The soda and snacks giant reported fourth-quarter adjusted earnings of $1.20 a share on Wednesday, solidly beating analysts' forecasts of $1.16. Total revenue came in at $19.51 billion, relatively in line with consensus. The North America Beverages segment saw operating profit, excluding the negative impact of currency, rise 13% on a 2% increase in revenue. Frito-Lay's profit rose 10% on that same basis, with organic revenue gaining 3%.
For Pepsi, the results stick out in light of choppy industry demand and the crippling effect of volatile currencies around the globe.

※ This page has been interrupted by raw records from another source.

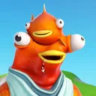 Matched profile picture
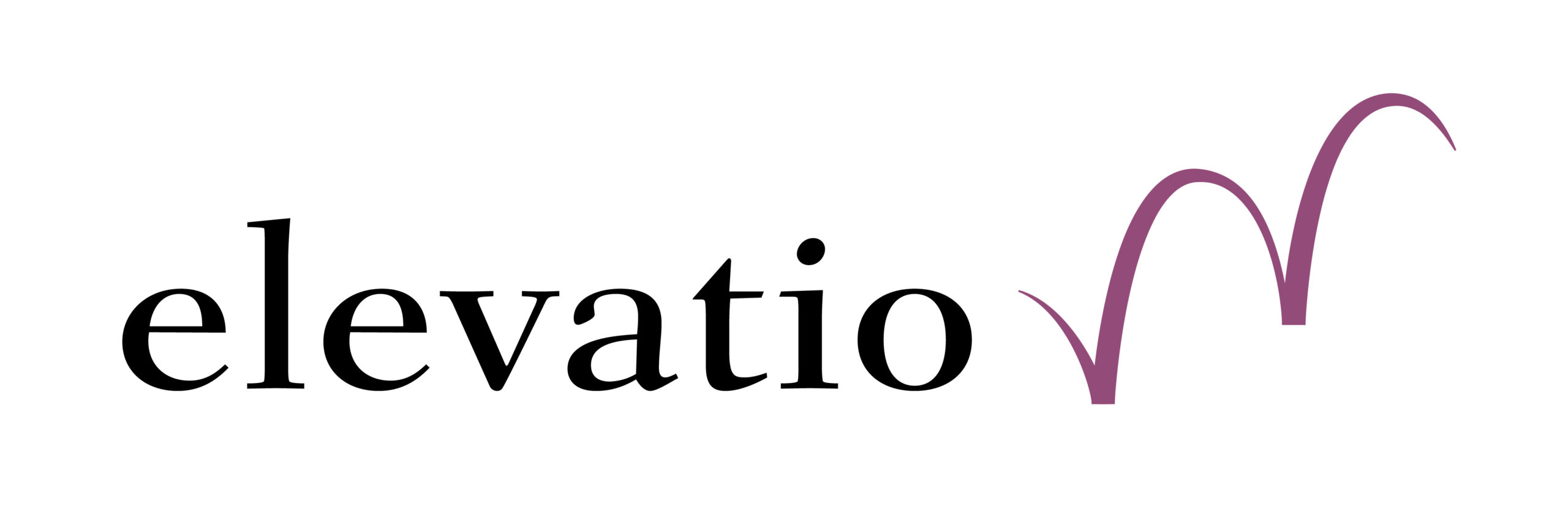 Logo Elevatio
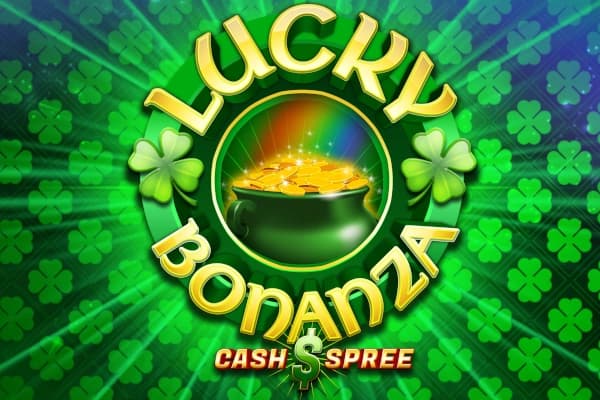 Lucky Bonanza Cash Spree - Slot Oros Gaming | RTP N/A | MisterTopCasino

"We expect lackluster results for the fourth quarter and 2017 guidance from soft drink companies, with our estimates broadly below consensus given choppy demand backdrop, foreign exchange volatility and fading commodity tailwind," said Goldman Sachs analysts ahead of PepsiCo's results.
PepsiCo did deliver in line with Goldman's thinking on 2017 guidance, however. The company forecast earnings of $5.09 a share, below Wall Street estimates for $5.15.
"We are confident we have the right plans in place, are executing well against those plans, and have set appropriate targets for 2017," the company said.
Shares of PepsiCo advanced slightly in premarket trading.
The company hiked its annualized dividend by 7% to $3.22 a share.